Back rent is a problem
“It would take the average Black family in Portland almost six months to save up enough to repay just one month of back rent (at pre-COVID-19 levels). Even with an eviction moratorium in place and a six-month grace period to repay back rent, we were only postponing a much bigger problem without some bold action within the next four months,” Wheeler said.
He said one in four Portland renters were already paying more than half their monthly income toward rent prior to the pandemic. Since May, between 12 percent and 15 percent of Portland renters have been unable to make their monthly rent payments. Among “Class C” properties, which tend to be older buildings and located farther east, the rate of non-payment during the pandemic has been closer to 20 percent. Another reason he said tenant relocation payments are necessary.
He said unpaid rent now totals between $22 million and $28 million, but at the current rate it will balloon to $120 to $125 million by the end of September next year.

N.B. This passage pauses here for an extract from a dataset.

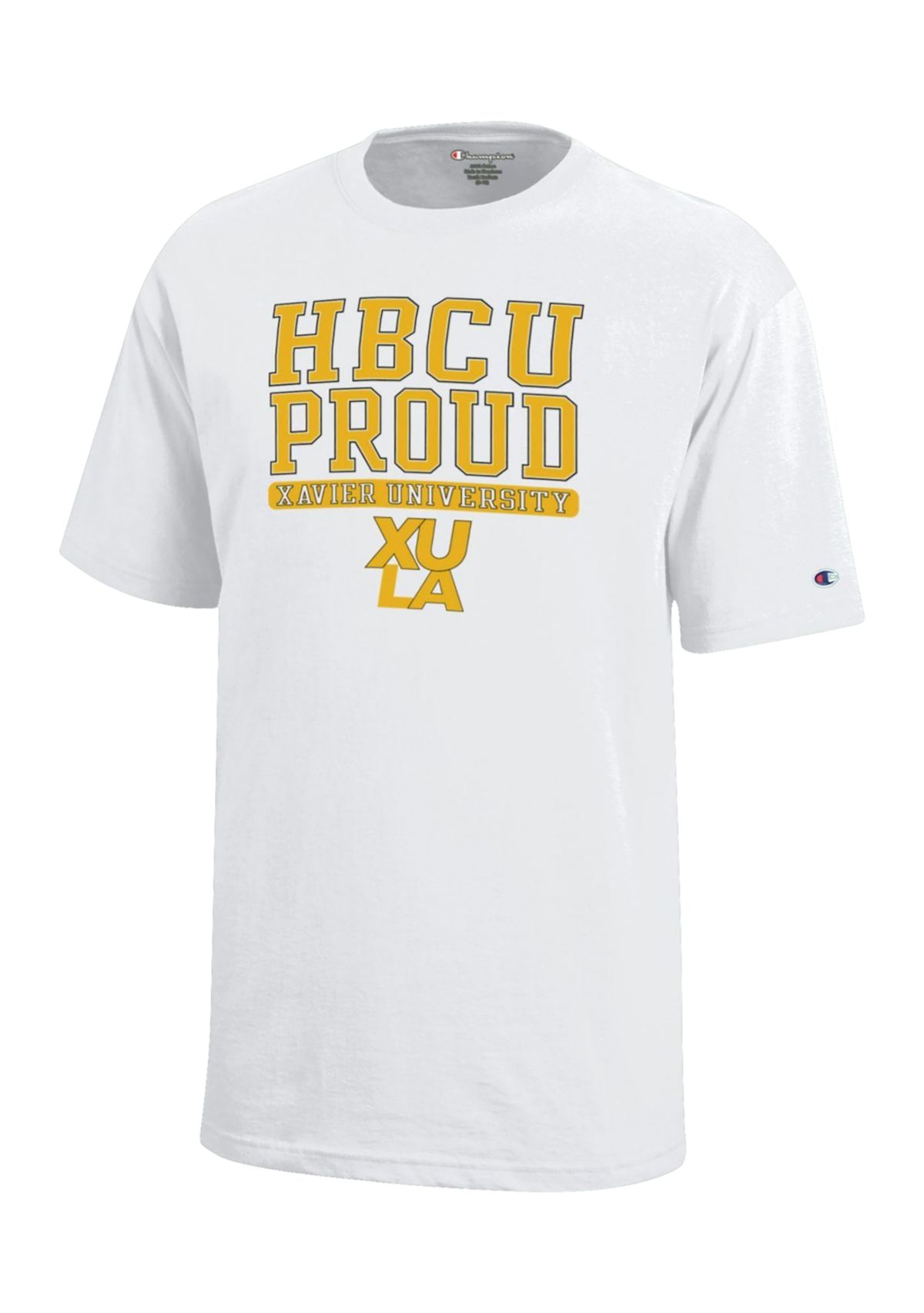 Boys 8-20 HBCU Xavier Musketeers Graphic T-Shirt - White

In addition, he has directed the Portland Housing Bureau to allocate approximately $500,000 of existing funding towards housing stabilization and relief in East Portland.

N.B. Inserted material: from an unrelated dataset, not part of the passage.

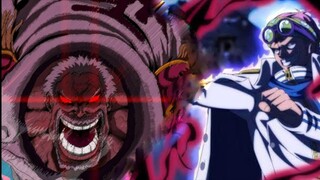 ONE PIECE 1081 | NGERI KOBY DUET DENGAN GARP LAWAN TITAS KUROHIGE, 2 PAHLAWAN UNJUK KEKUATAN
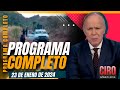 Sicarios se pasean por las calles de Taxco, Guerrero | Ciro | Programa Completo 23/enero/2024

In addition to tenant relocation, “We need to protect renters and we also need to make sure that local property owners who rent their homes to Portlanders are not foreclosed on, because these circumstances make it impossible for them to pay back their loans,” the Portland mayor said. “These are temporary measures, but ensuring Portlanders stay in their homes may be the most important and effective action we can take right now.”
“I want to thank those building owners and landlords – and I’ve met with many, and I’ve spoken to many – who have already reached arrangements with their tenants to do everything they can to support them and keep them in their housing and not increase their rent during this crisis.
“I want to applaud and acknowledge that that building owners and landlords have been valued partners in this conversation, but the work we can do right here and now, together in the community through shared sacrifice, is keep as many people in their homes as possible throughout the remainder of this public health emergency. Housing is directly tied to public health in the midst of a pandemic,” Wheeler said.